- [DESCRIPTION OF THE TASK]
Retype the tail of the data exactly, starting at the line containing "Professional Customized OEM" and stopping at the last line.

[Saved data entries]
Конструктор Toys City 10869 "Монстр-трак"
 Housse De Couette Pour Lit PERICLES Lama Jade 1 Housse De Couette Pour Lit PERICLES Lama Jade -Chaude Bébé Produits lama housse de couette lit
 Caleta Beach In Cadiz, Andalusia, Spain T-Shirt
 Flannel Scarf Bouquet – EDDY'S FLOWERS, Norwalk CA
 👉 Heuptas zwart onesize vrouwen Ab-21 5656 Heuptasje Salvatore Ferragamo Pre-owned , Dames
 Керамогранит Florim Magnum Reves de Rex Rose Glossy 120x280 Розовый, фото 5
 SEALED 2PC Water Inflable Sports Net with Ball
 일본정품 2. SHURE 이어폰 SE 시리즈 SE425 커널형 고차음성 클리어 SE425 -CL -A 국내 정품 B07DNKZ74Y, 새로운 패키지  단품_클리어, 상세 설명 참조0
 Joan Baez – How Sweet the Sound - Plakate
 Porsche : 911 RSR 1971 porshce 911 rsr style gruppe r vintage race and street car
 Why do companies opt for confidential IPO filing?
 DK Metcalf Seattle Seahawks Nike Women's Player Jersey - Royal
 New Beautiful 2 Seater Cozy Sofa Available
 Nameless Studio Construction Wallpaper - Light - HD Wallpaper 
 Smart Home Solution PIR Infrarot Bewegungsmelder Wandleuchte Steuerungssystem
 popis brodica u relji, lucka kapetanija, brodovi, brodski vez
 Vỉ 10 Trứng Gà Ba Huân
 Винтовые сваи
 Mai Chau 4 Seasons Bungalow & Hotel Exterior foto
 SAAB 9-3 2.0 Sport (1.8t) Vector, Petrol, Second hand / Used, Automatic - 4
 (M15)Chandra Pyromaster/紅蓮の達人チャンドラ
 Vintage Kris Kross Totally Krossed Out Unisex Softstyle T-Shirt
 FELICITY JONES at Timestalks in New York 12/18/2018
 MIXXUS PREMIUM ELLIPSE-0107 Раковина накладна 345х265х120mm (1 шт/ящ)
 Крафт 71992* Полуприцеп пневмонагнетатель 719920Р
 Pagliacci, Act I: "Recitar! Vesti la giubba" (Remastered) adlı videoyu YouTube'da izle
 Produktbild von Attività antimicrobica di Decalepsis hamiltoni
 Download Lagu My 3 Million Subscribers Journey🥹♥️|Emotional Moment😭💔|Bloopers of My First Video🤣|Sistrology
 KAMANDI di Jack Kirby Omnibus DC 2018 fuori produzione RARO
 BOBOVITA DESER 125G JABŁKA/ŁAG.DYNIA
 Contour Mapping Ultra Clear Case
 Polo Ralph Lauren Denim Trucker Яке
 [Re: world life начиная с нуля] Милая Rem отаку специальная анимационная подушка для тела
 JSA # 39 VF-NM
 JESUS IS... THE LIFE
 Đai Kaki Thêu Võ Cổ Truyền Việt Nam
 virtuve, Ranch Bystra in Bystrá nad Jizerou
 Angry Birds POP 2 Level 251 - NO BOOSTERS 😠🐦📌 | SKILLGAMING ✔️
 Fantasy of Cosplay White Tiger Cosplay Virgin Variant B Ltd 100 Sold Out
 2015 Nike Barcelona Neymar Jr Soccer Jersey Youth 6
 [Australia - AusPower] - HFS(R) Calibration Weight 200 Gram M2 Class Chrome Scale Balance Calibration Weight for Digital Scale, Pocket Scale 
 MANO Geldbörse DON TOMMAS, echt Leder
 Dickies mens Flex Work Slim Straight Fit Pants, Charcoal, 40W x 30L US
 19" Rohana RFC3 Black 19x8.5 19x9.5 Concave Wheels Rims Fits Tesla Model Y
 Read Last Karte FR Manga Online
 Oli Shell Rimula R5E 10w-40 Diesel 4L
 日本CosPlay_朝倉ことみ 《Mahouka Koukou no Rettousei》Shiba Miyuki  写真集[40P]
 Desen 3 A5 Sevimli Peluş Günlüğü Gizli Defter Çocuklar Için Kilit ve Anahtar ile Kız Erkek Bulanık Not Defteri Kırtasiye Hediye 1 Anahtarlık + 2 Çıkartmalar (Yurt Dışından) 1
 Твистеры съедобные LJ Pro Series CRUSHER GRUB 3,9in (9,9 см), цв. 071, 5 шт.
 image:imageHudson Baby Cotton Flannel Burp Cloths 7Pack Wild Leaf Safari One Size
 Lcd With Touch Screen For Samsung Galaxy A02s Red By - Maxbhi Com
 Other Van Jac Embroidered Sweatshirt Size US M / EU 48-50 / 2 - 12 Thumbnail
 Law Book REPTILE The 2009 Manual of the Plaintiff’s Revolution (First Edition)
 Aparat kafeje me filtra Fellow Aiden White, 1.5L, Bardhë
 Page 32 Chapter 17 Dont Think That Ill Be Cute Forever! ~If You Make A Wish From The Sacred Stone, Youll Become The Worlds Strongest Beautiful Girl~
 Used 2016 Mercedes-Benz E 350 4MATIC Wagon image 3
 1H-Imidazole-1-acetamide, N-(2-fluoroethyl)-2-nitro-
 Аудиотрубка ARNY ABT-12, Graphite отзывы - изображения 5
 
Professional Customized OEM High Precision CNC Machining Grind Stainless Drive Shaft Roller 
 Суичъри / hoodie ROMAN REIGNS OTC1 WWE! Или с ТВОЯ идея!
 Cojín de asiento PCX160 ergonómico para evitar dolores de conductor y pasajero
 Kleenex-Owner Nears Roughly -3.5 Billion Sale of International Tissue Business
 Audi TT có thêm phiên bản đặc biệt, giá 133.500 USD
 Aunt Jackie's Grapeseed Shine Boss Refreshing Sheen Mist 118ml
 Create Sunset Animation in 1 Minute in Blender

- [EXERCISE RESPONSE]
Professional Customized OEM High Precision CNC Machining Grind Stainless Drive Shaft Roller 
 Суичъри / hoodie ROMAN REIGNS OTC1 WWE! Или с ТВОЯ идея!
 Cojín de asiento PCX160 ergonómico para evitar dolores de conductor y pasajero
 Kleenex-Owner Nears Roughly -3.5 Billion Sale of International Tissue Business
 Audi TT có thêm phiên bản đặc biệt, giá 133.500 USD
 Aunt Jackie's Grapeseed Shine Boss Refreshing Sheen Mist 118ml
 Create Sunset Animation in 1 Minute in Blender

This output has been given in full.